-- Your assignment --
Make an exact copy of the records, dropping all pictures.

Stored data:
★ ★ ★ ★ ★

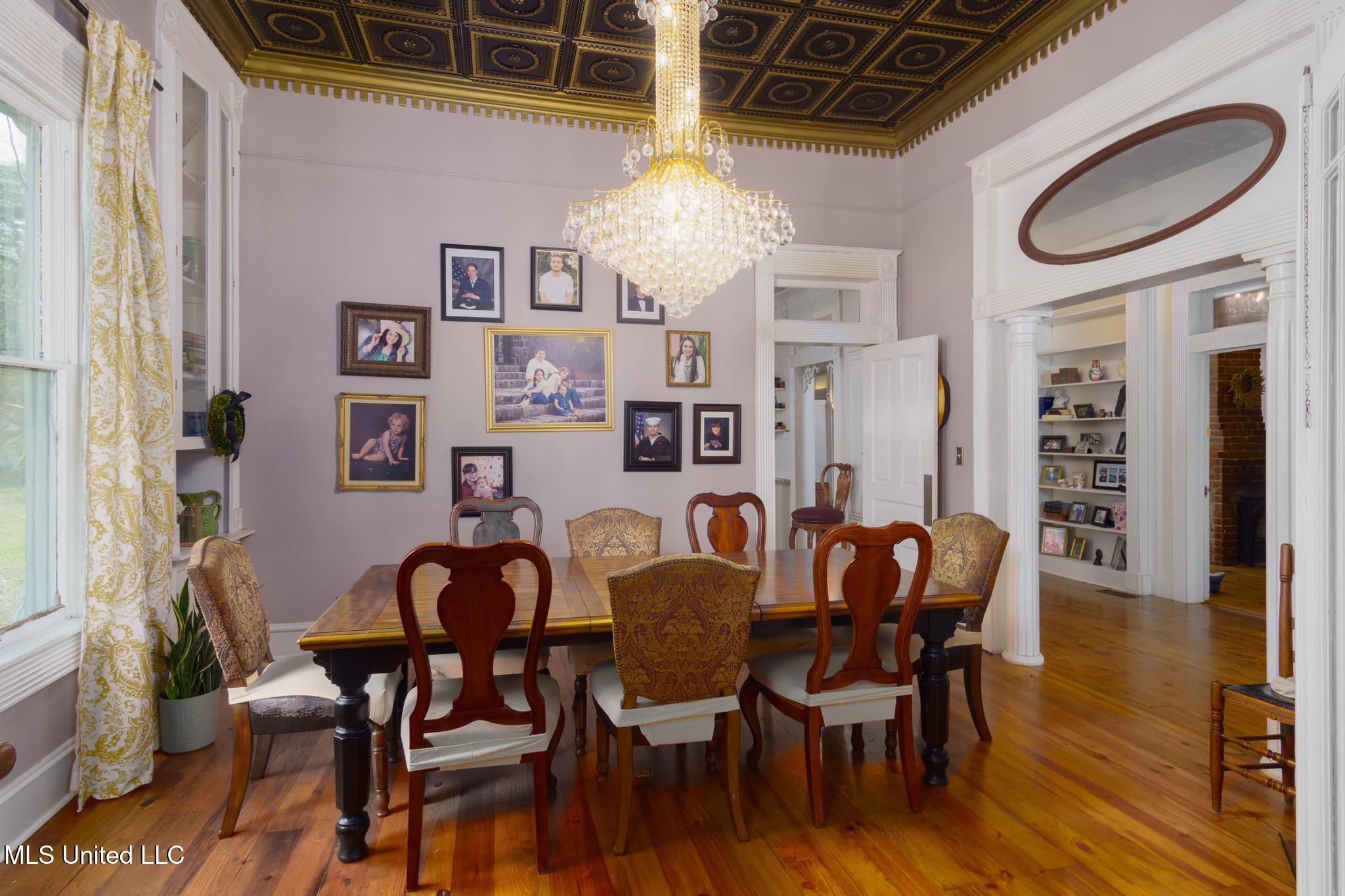 303 Walnut Street, Hattiesburg, Mississippi image 16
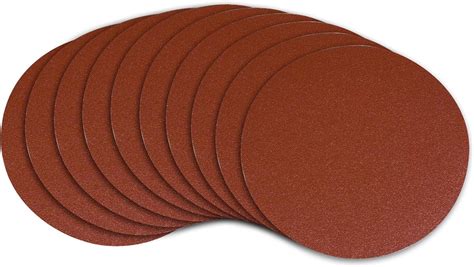 Self Stick Sanding Disc
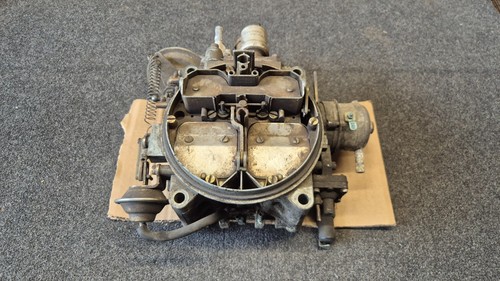 Bmw e12 e21 - e21, carburetor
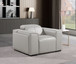 1126 Power Reclining Chair With Power Headrests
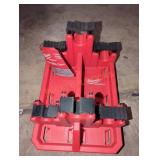Milwaukee Long Handle Tool Rack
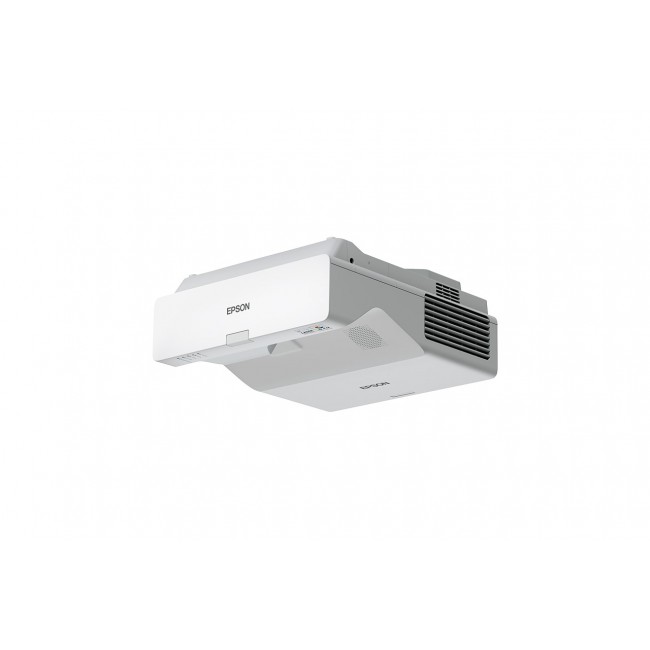 Epson EB-770Fi Ultra short throw projector 4100 ANSI lumens 3LCD 1080p (1920x1080) White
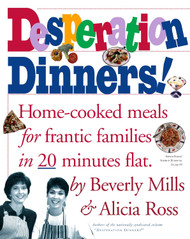 Desperation Dinners
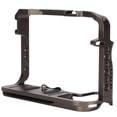 thumbnail image 1 of Marco de jaula para cámara, PU3069GT Jaula para cámara Jaula para cámara de aluminio Accesorio para cámara True Excellence, 1 of 9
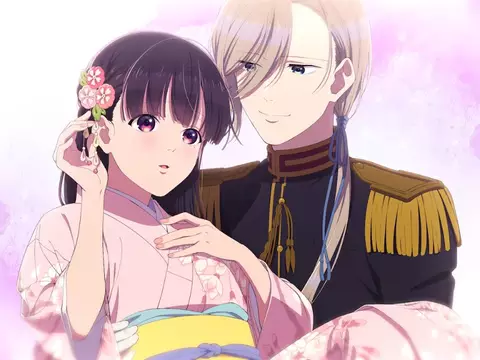 12 animes para ver em casal no Dia dos Namorados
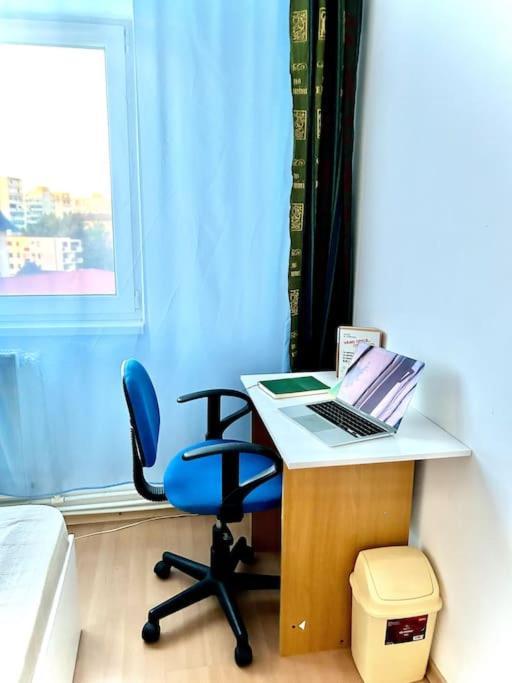 ياش Ap 2 Cam Confortabile - Ab House المظهر الخارجي الصورة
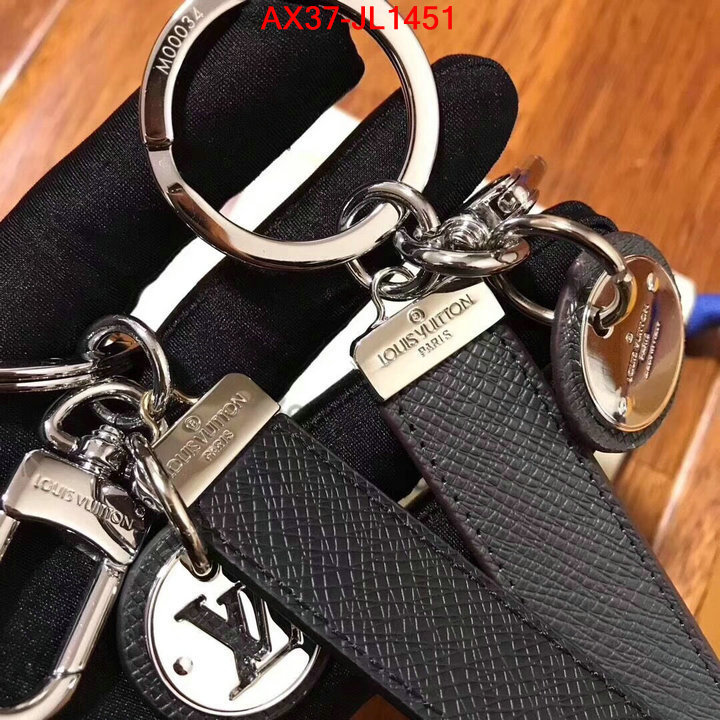 Key pendant(TOP)-LV,where quality designer replica , ID: JL1451,$: 37USD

★ ★ ★ ★ ★

-- Your solution --
 303 Walnut Street, Hattiesburg, Mississippi image 16
 Self Stick Sanding Disc
 Bmw e12 e21 - e21, carburetor
 1126 Power Reclining Chair With Power Headrests
Milwaukee Long Handle Tool Rack
 Epson EB-770Fi Ultra short throw projector 4100 ANSI lumens 3LCD 1080p (1920x1080) White
 Desperation Dinners
 thumbnail image 1 of Marco de jaula para cámara, PU3069GT Jaula para cámara Jaula para cámara de aluminio Accesorio para cámara True Excellence, 1 of 9
 12 animes para ver em casal no Dia dos Namorados
 ياش Ap 2 Cam Confortabile - Ab House المظهر الخارجي الصورة
 Key pendant(TOP)-LV,where quality designer replica , ID: JL1451,$: 37USD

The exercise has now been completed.